Although my parents were not happy about it, I had already started the process to become a resident of California and had been accepted at the University of California, Santa Barbara. The new location seemed like heaven. The campus is located on the beach in this resort area with mountains directly behind it. It had high academic standards in a laid-back atmosphere. I joined the rowing club (with girl's auxiliary); took a tennis class and a sailing class; and continued with engineering studies. Answering an ad "3 students need 4th to rent condo in Isla Vista" solved my housing situation and introduced me to new friends.  My transportation for the first four months, until granted CA resident tuition status, was an abandoned bicycle that I liberated and rehabilitated.  With savings, GI bill, some part-time jobs and summer engineering internships (Newport Beach '69, St. Paul, MN. '70), it was affordable.

One boundary of the UC Santa Barbara campus is the ocean.  If the tide was right, you could walk barefoot along the beach to your classes.  We went an entire year without using heat or A/C; the climate is so mild.

However, there was trouble in paradise. In 1969-70 the country was in turmoil, and it extended to our campus. Riots (including many outside instigators) were extensive enough that hundreds of police and National Guard troops were brought in. Buildings were torched, windows smashed, looting & rock throwing (two died). And I met my future wife. One night, many residents were on the roof deck of our apartment house watching the conflict in the streets below. Someone made a comment about the "pigs" roughing up the "students". A tall blonde spoke up, "Excuse me, but the rioters down there are destroying property, breaking the law. The police are simply enforcing laws and restoring order." Wow! I had to meet this girl! Someone with a brain of her own, unafraid to challenge group think. Someone, I learned, who would be a great partner in sharing this adventure we call life.
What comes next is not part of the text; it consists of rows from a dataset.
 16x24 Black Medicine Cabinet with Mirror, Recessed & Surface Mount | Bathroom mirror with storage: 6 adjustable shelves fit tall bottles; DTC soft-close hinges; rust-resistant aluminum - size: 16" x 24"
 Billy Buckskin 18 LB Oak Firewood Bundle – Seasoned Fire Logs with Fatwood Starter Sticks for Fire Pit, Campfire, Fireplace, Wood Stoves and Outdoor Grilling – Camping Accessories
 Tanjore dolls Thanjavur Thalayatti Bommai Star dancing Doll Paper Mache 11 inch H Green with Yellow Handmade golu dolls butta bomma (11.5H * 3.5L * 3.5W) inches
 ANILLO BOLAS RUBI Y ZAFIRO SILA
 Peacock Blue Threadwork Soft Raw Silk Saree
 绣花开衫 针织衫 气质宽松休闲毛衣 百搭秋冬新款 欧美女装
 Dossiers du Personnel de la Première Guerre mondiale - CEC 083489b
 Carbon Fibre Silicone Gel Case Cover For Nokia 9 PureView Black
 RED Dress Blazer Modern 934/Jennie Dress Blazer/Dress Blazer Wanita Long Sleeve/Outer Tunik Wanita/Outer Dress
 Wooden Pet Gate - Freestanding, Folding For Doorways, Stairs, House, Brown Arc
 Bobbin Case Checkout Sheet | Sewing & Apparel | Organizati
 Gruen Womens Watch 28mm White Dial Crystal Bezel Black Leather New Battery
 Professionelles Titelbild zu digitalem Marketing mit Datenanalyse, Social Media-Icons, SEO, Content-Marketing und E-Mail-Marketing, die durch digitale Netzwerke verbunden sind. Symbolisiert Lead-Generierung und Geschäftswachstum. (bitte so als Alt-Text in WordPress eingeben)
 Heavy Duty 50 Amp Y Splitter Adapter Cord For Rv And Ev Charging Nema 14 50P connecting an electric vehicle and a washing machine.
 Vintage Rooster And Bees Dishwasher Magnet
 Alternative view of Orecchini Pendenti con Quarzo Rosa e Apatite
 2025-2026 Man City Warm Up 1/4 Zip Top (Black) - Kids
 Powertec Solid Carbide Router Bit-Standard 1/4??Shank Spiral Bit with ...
Dawn & I went barefoot on the beach, read magazines at the newsstand or library, shared homemade ice cream with friends, hiked the foothill trails, rented sailboats at Santa Barbara harbor, played backyard volleyball; and discovered we enjoyed many of the same things and values.  On one occasion, with two other couples, we laid out our sleeping bags on the open crest of the coastal mountain range and watched the sunset over the Pacific Ocean and the Channel Islands.  The next morning, as the sun arose, we watched Santa Barbara come to life again; airport operations taking place almost 3000' below us.  It was magical. This was the environment I was looking for when I left NU.  I later visited Dawn at her parent's home in Marin County, and she visited me at my summer 3M internship in Minnesota where we went canoeing and camping with another couple.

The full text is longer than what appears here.